Task details: Omit the pictures, but give back every entry below exactly as written.
::::
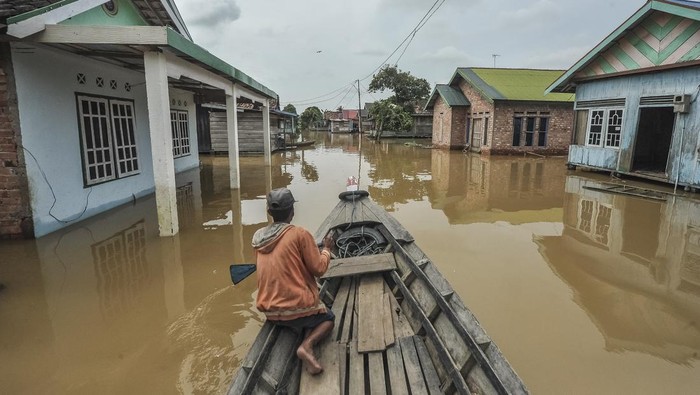 Foto udara warga menggunakan perahu melintasi jalan kawasan permukiman yang terendam banjir luapan Sungai Batanghari di Dusun Mudo, Taman Rajo, Muaro Jambi, Jambi, Selasa (18/3/2025). Pemkab Muaro Jambi mencatat, sebanyak tujuh  Pemkab Muaro Jambi mencatat sebanyak tujuh desa di Kecamatan Taman Rajo   terisolasi akibat banjir setinggi 1 meter lebih yang menggenangi akses jalan dan berdampak kepada ratusan KK. ANTARA FOTO/Wahdi Septiawan/nz.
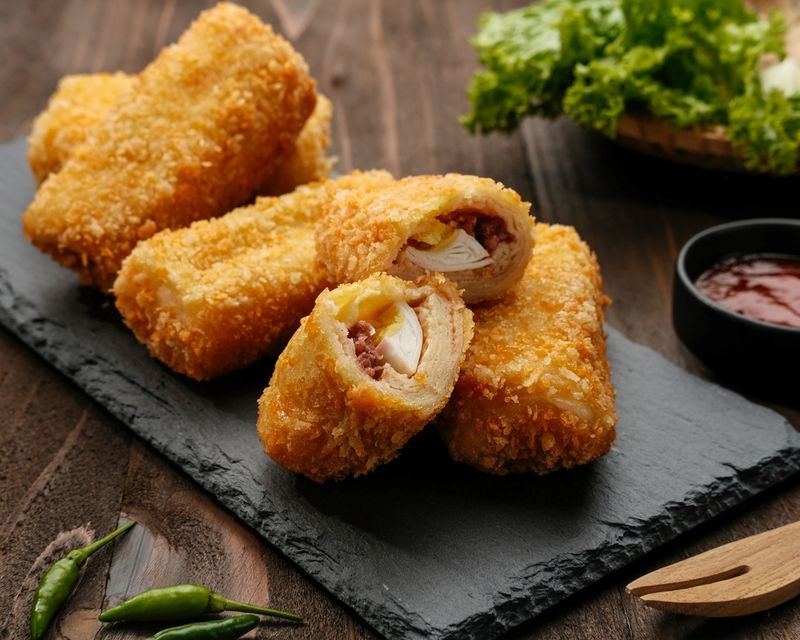 Risoles or Risol is a typical Indonesian traditional street food made from flour skin, meat and egg stuffing inside with mayonnaise and chili sauce.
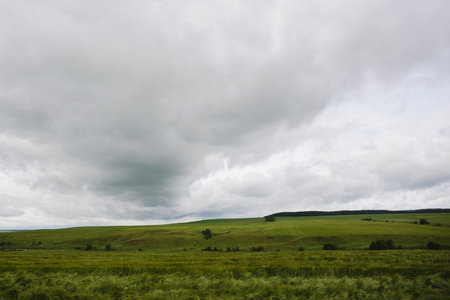 bad weather in summer, dramatic rainy sky clouds over agricultural rural landscape, stock photo...
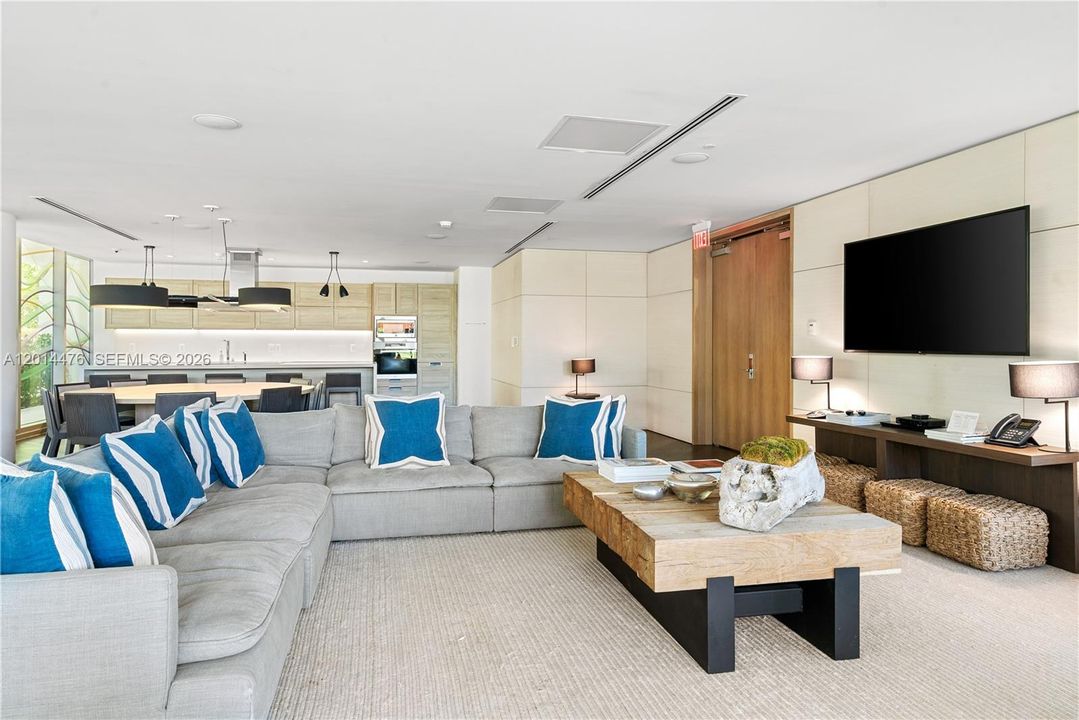 Resident Lounge – A spacious lounge area features comfortable sectional seating, a media wall, and an open connection to the dining and kitchen areas. Natural textures and coastal blue accents create a relaxed, refined gathering space.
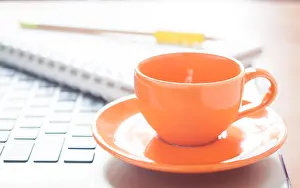 Coffee Cup Prints: Laptop with coffee cup and notepad on desk, stock photo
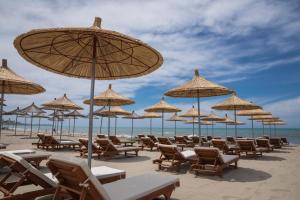 un montón de sillas y sombrillas en una playa en Mirage Hotel, en Golem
::::
Task result:
 Foto udara warga menggunakan perahu melintasi jalan kawasan permukiman yang terendam banjir luapan Sungai Batanghari di Dusun Mudo, Taman Rajo, Muaro Jambi, Jambi, Selasa (18/3/2025). Pemkab Muaro Jambi mencatat, sebanyak tujuh  Pemkab Muaro Jambi mencatat sebanyak tujuh desa di Kecamatan Taman Rajo   terisolasi akibat banjir setinggi 1 meter lebih yang menggenangi akses jalan dan berdampak kepada ratusan KK. ANTARA FOTO/Wahdi Septiawan/nz.
 Risoles or Risol is a typical Indonesian traditional street food made from flour skin, meat and egg stuffing inside with mayonnaise and chili sauce.
 bad weather in summer, dramatic rainy sky clouds over agricultural rural landscape, stock photo...
 Resident Lounge – A spacious lounge area features comfortable sectional seating, a media wall, and an open connection to the dining and kitchen areas. Natural textures and coastal blue accents create a relaxed, refined gathering space.
 Coffee Cup Prints: Laptop with coffee cup and notepad on desk, stock photo
 un montón de sillas y sombrillas en una playa en Mirage Hotel, en Golem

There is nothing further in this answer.